The U.S. Department of Transportation’s Federal Highway Administration (FHWA) announced the immediate availability of $4.6 million in “quick release” Emergency Relief (ER) funds for use as a down payment by the California Department of Transportation (Caltrans) to offset costs of repair work needed as a result of storm damage resulting from heavy rain, wind, flood and mudslide damage across the state last month.
“Extreme weather events have caused significant damage to infrastructure across California this year,” said U.S. Transportation Secretary Pete Buttigieg. “This emergency funding will help the people of California make critical repairs and take steps to prevent further damage in their communities.”
“The Federal Highway Administration is working closely with Caltrans to assess and repair the damage caused by extreme weather in counties throughout the state,” Federal Highway Administrator Shailen Bhatt said. “The quick release funding we are providing will help get those repairs done as soon as possible and better prepare this area for future weather events.”
California began to see heavy winter storms in late February, bringing damaging winds, substantial precipitation, widespread flooding, debris flows, and significant snowfall to much of the state. The storms caused damages and closed roads in 43 of the 58 counties in California. Storms have heavily damaged coastlines, community evacuation routes, public roads, and Federal-aid highways. These damages include mudslides, landslides, sinkholes, washed-out and flooded roads.
The funding announced today is in addition to $29.4 million in emergency relief funding provided early this year in January after multiple storms and flooding events damaged roads, bridges and highways in late December 2022 and January 2023.
FHWA’s Emergency Relief program provides funding to States, territories, Tribes, and Federal Land Management Agencies for highways and bridges damaged by natural disasters or catastrophic events. These “quick release” Emergency Relief funds are an initial installment of funds to help restore essential transportation. Additional funds needed to repair damages to roads and bridges in California will be supported by the Emergency Relief program through nationwide funding allocations.

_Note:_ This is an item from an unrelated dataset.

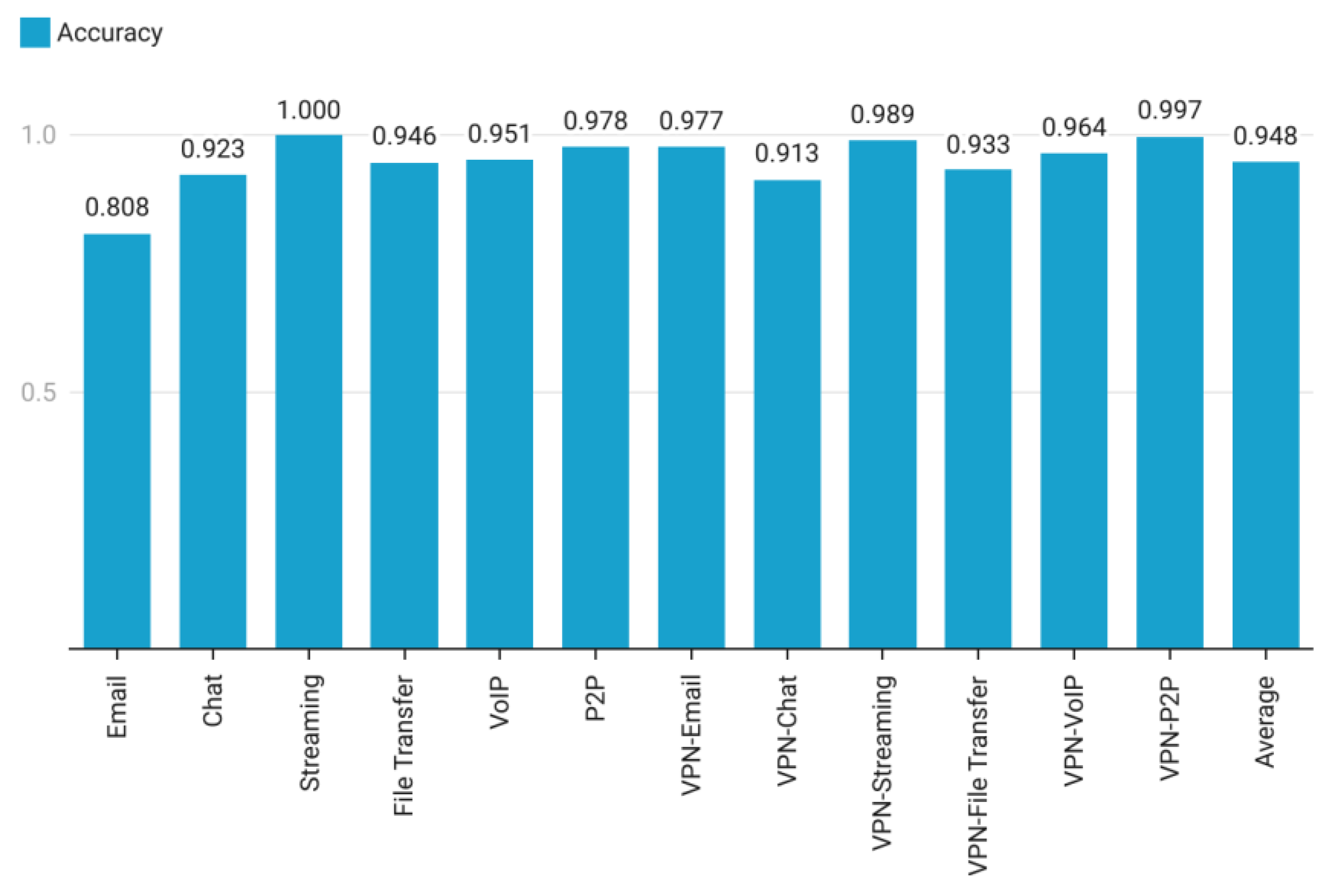 Applsci 13 11776 g006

The program complements the Bipartisan Infrastructure Law programs and provisions by encouraging agencies to identify and implement measures to incorporate resilience in the design, restoration and repair of damaged infrastructure, in order to better withstand future damage from climate change and future weather events. FHWA is also updating its ER Manual to spotlight the program’s impact on system resilience and equity in infrastructure spending.